### TASK OBJECTIVE
Extract the lines beginning at the one that holds "FDR Aboard IOWA in 1943" and ending at the final line of the material below, keeping them exact and leaving out all pictures.

### GIVEN DATA
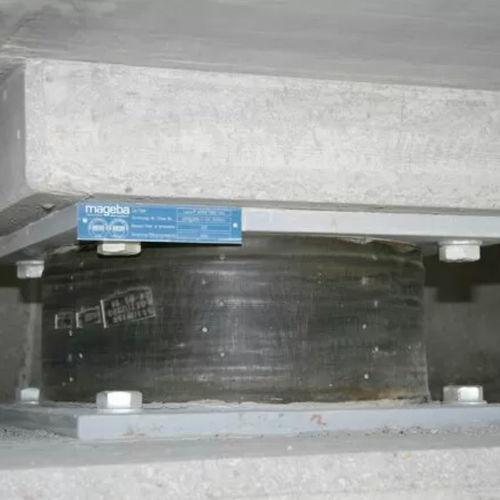 Mechanischer Dämpfer - LASTO-HDRB - mageba - für Gebäude / Kugellager / Gummi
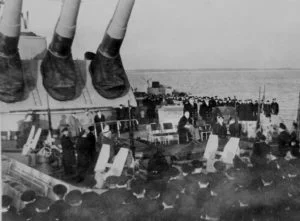 FDR Aboard IOWA in 1943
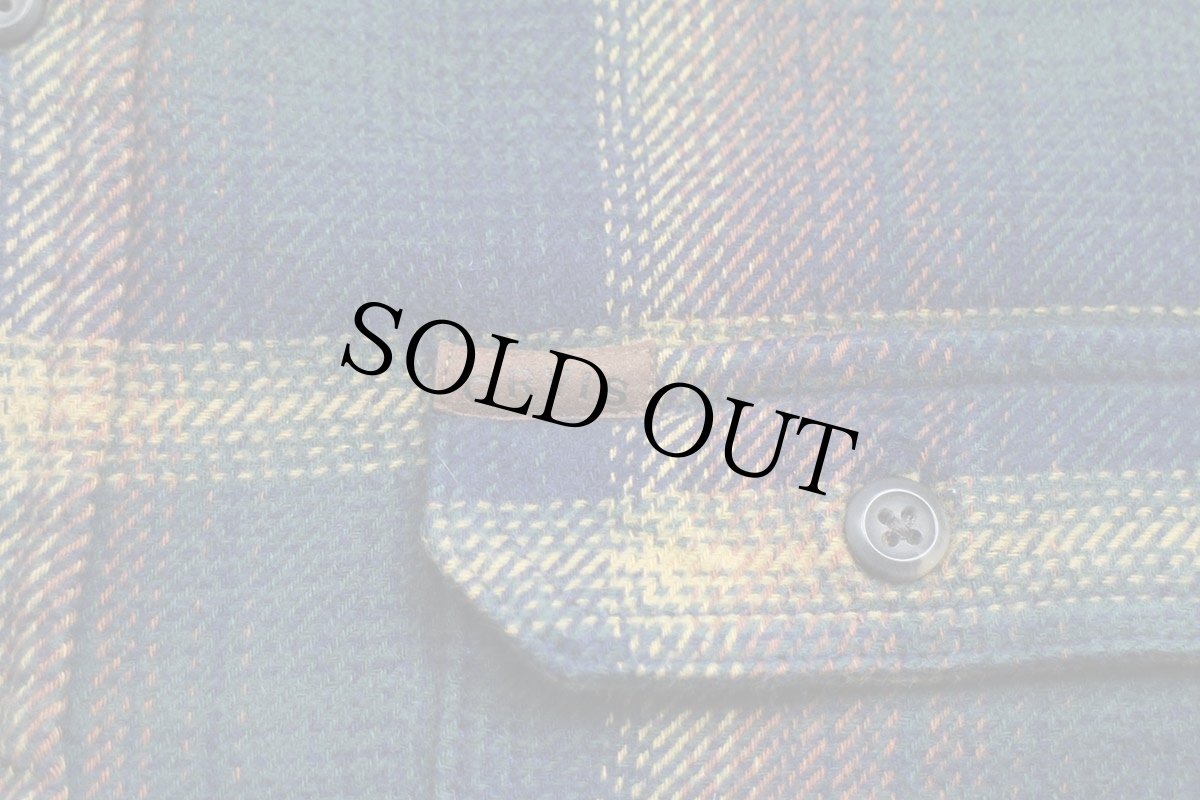 画像5: ORVISオービス オンブレチェック ポケット付き コットン フランネルシャツ XL (5)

### COMPLETED EXERCISE
 FDR Aboard IOWA in 1943
 画像5: ORVISオービス オンブレチェック ポケット付き コットン フランネルシャツ XL (5)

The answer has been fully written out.